[Raw data]
────────────────

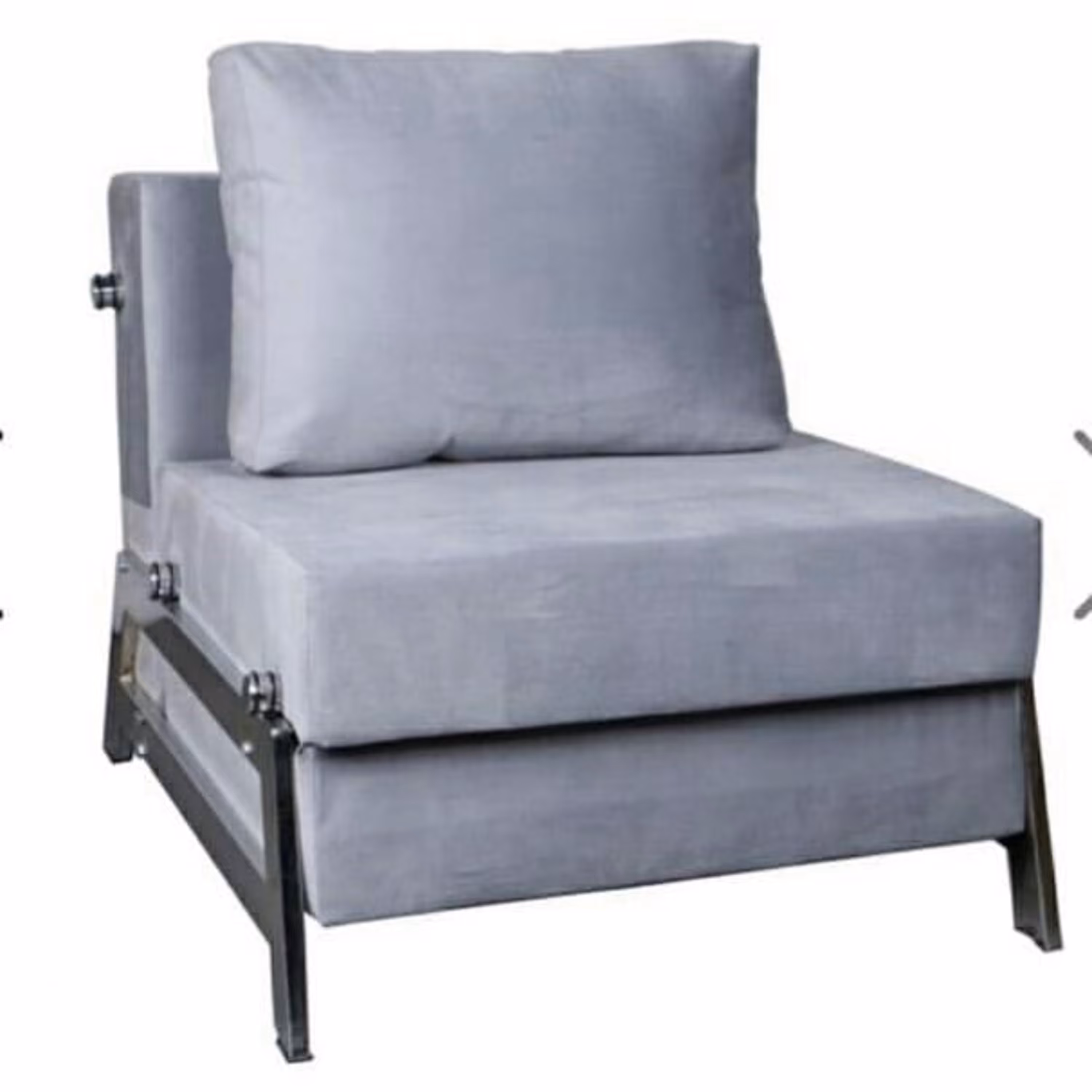 تختخوابشو مدل دیانا دسته های استیل 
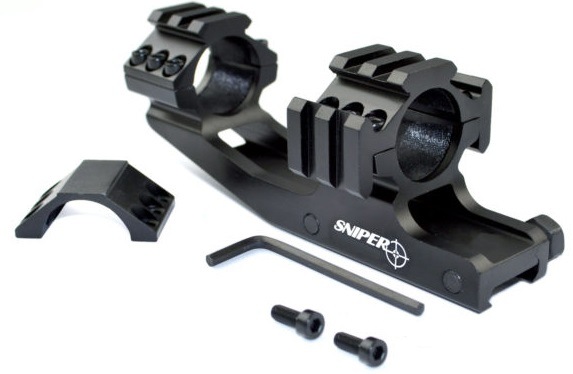 実物Athlon カンチレバー マウント 0MOA 実物Athlon カンチレバー マウント 0MOA
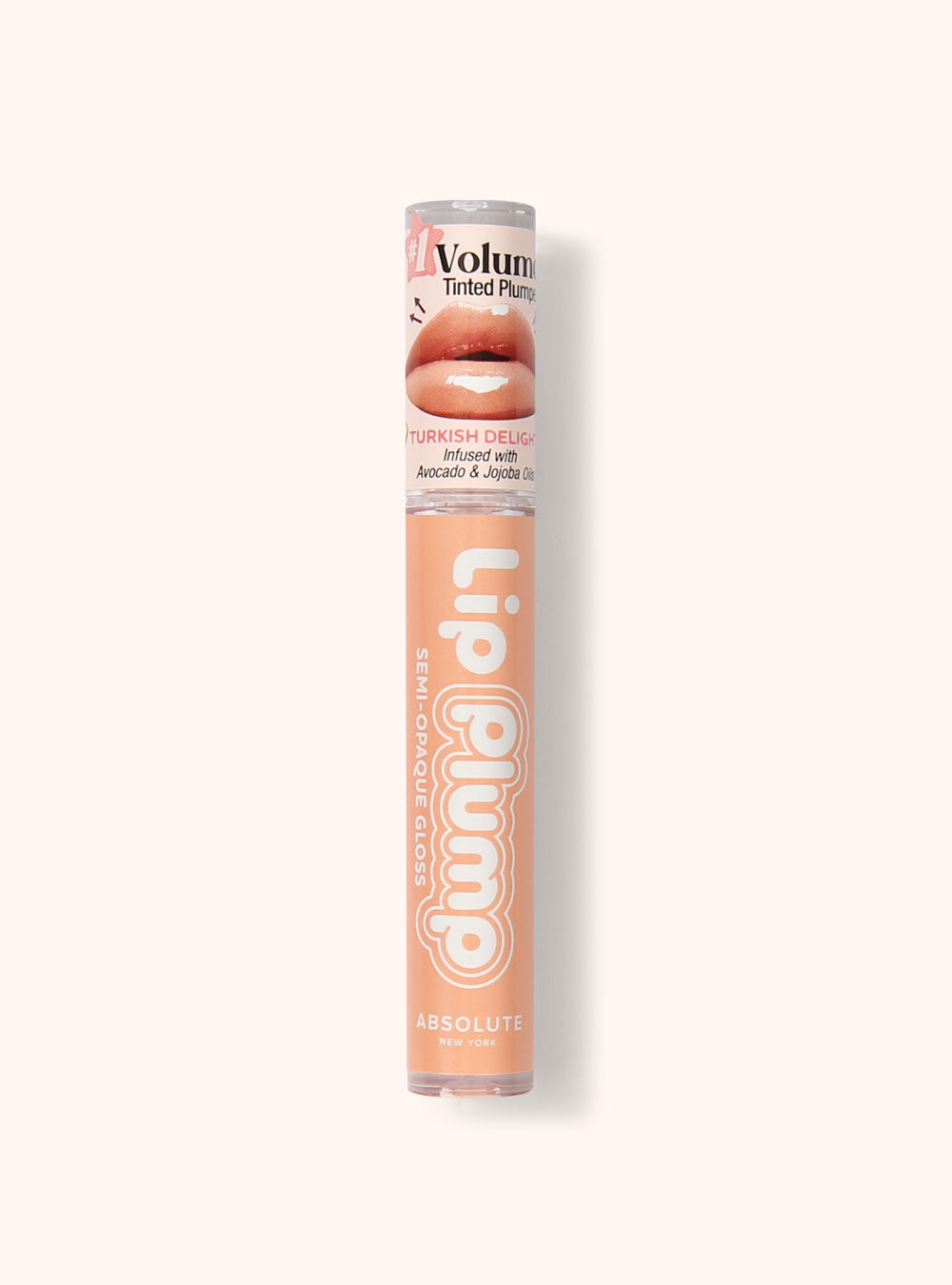 Lip Plump Semi-Opaque Gloss - mlpg-08-brown-sugar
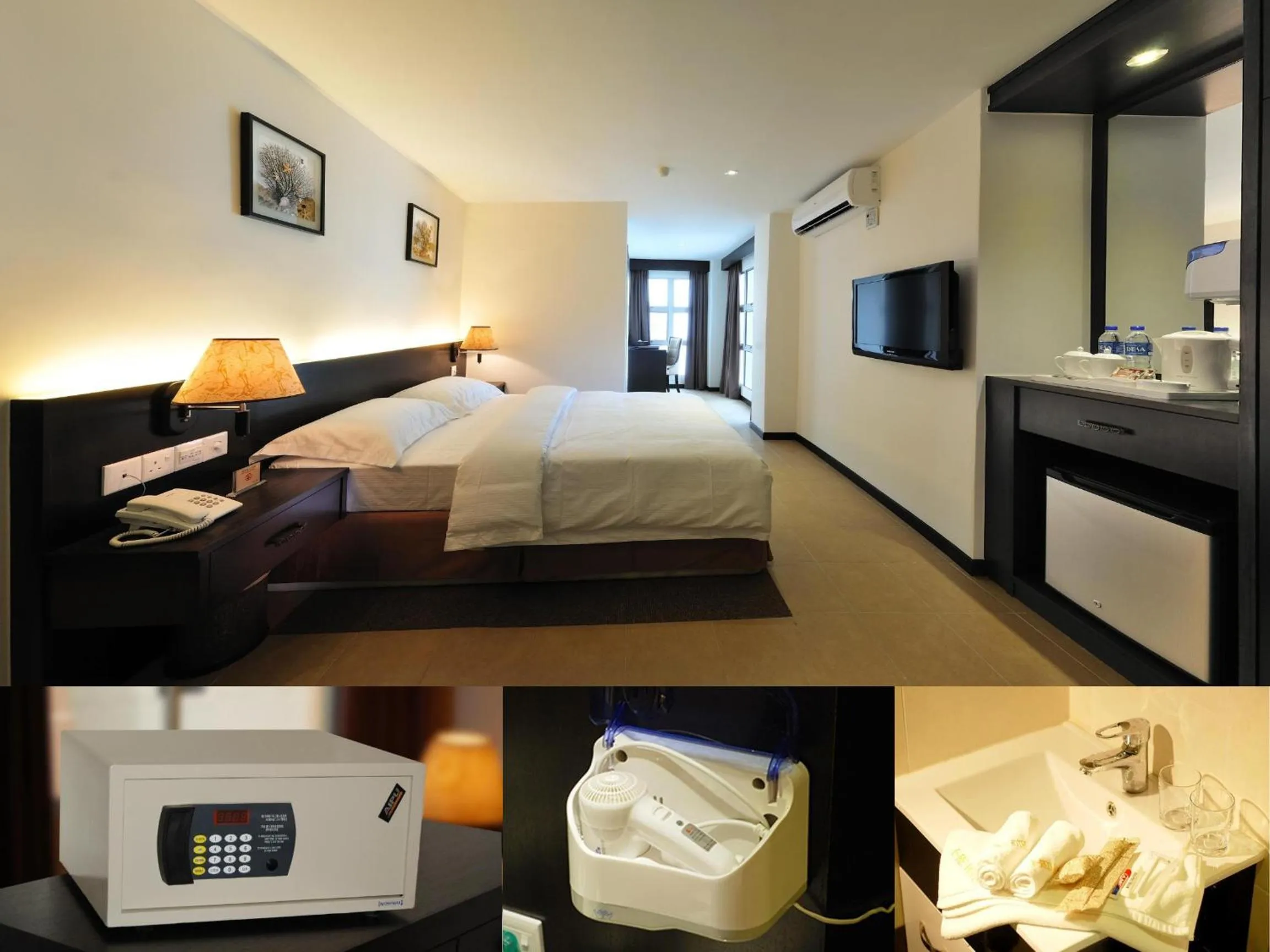 Bedroom, Bed in ERNES Hotel Bandar Perda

────────────────

[Requirement] Without including any pictures, copy every line above exactly.

[Reply]
 تختخوابشو مدل دیانا دسته های استیل 
 実物Athlon カンチレバー マウント 0MOA 実物Athlon カンチレバー マウント 0MOA
 Lip Plump Semi-Opaque Gloss - mlpg-08-brown-sugar
 Bedroom, Bed in ERNES Hotel Bandar Perda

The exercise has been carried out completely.